This application is a national phase filing under 35 U.S.C. 371 of International Application No. PCT/US2020/028065, filed Apr. 14, 2020, which claims priority to U.S. Provisional Patent Application No. 62/835,243, filed Apr. 17, 2019, the entire contents of which are hereby incorporated by reference.

FIELD OF THE INVENTION

The present invention relates to power tools, and more particularly to powered fastener drivers adapted to drive fasteners into a workpiece.

BACKGROUND OF THE INVENTION

There are various fastener drivers known in the art for driving fasteners (e.g., nails, tacks, staples, etc.) into a workpiece. These fastener drivers operate utilizing various means known in the art (e.g. compressed air generated by an air compressor, electrical energy, a flywheel mechanism, etc.), but often these designs are met with power, size, and cost constraints.

SUMMARY OF THE INVENTION

The present invention provides, in one aspect, a gas spring-powered fastener driver. The fastener driver includes a first chamber, and a movable piston positioned within the first chamber. The fastener driver also includes a driver blade attached to the piston and movable therewith between a ready position and a driven position. The fastener driver further includes a second chamber containing pressurized gas. The second chamber is in fluid communication with the first chamber via a flow passage. The fastener driver also includes a throttle mechanism configured to throttle flow of the pressurized gas through the flow passage.

The present invention provides, in another aspect, a gas spring-powered fastener driver. The fastener driver includes a first cylinder defining a first chamber, and a movable piston positioned within the first chamber. The fastener driver also includes a driver blade attached to the piston and movable therewith between a ready position and a driven position. The fastener driver further includes a second cylinder surrounding the first cylinder, and a second chamber defined between the first cylinder and the second cylinder and containing pressurized gas. The second chamber is in fluid communication with the first chamber via a flow passage. The fastener driver also includes a throttle mechanism configured to throttle flow of pressurized gas through the flow passage. The throttle mechanism includes a baffle configured to selectively adjust an area of the flow passage.

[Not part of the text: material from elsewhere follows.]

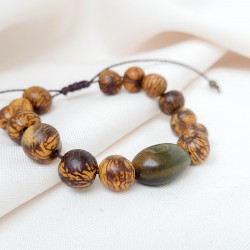 •	bracelet éthique et durable en graines d’açaï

Other features and aspects of the invention will become apparent by consideration of the following detailed description and accompanying drawings.

BRIEF DESCRIPTION OF THE DRAWINGS

FIG. 1 is a perspective view of a gas spring-powered fastener driver in accordance with an embodiment of the invention.

FIG. 2 is a partial cut-away view of the fastener driver of FIG. 1.

FIG. 3 is a cross-sectional view of the fastener driver of FIG. 1 taken along line 3-3 of FIG. 2, illustrating a driver blade in a ready position.

FIG. 4 is a cross-sectional view of the fastener driver of FIG. 1 taken along line 3-3 of FIG. 2, illustrating the driver blade in a driven position.

FIG. 5 is a partial cut-away view of the fastener driver of FIG. 1.

FIG. 6 is a cross-sectional view of the fastener driver of FIG. 1 taken along line 6-6 of FIG. 1, illustrating a motor, a transmission, and a fan assembly.

FIG. 7 is a perspective view of a throttle mechanism of the fastener driver of FIG. 1.

FIG. 8 is another perspective view of the throttle mechanism of FIG. 7 with portions removed.

FIG. 9A is a partial perspective view of the throttle mechanism of FIG. 7 adjusted to a no-choke position.

FIG. 9B is a partial perspective view of the throttle mechanism of FIG. 7 adjusted to a partial-choke position.

FIG. 9C is a partial perspective view of the throttle mechanism of FIG. 7 adjusted to a choked position.

FIG. 10A is a cross-sectional view of the throttle mechanism of FIG. 9A.

FIG. 10B is a cross-sectional view of the throttle mechanism of FIG. 9B.

FIG. 10C is a cross-sectional view of the throttle mechanism of FIG. 9C.

Before any embodiments of the invention are explained in detail, it is to be understood that the invention is not limited in its application to the details of construction and the arrangement of components set forth in the following description or illustrated in the following drawings. The invention is capable of other embodiments and of being practiced or of being carried out in various ways. Also, it is to be understood that the phraseology and terminology used herein is for the purpose of description and should not be regarded as limiting.

DETAILED DESCRIPTION

FIGS. 1-6 illustrate a power tool, such as a gas spring-powered fastener driver 10, operable to drive fasteners (e.g., nails, tacks, staples, etc.) held within a magazine 12 into a workpiece. In the illustrated embodiment, the fastener driver 10 is configured as a multi-shot powered nailer including the magazine 12 holding a collated strip of fasteners, allowing the user to perform multiple fastening operations without having to manually reload the fastener driver 10 after each driving cycle. The gas spring-powered fastener driver 10 includes a gas spring assembly 14 for generating a motive force to drive each fastener into the workpiece. The gas spring assembly 14 includes a throttle mechanism 16 (FIGS. 7-10C) for varying the power output of the fastener driver 10 when performing a fastener driving operation, as will be described in further detail below.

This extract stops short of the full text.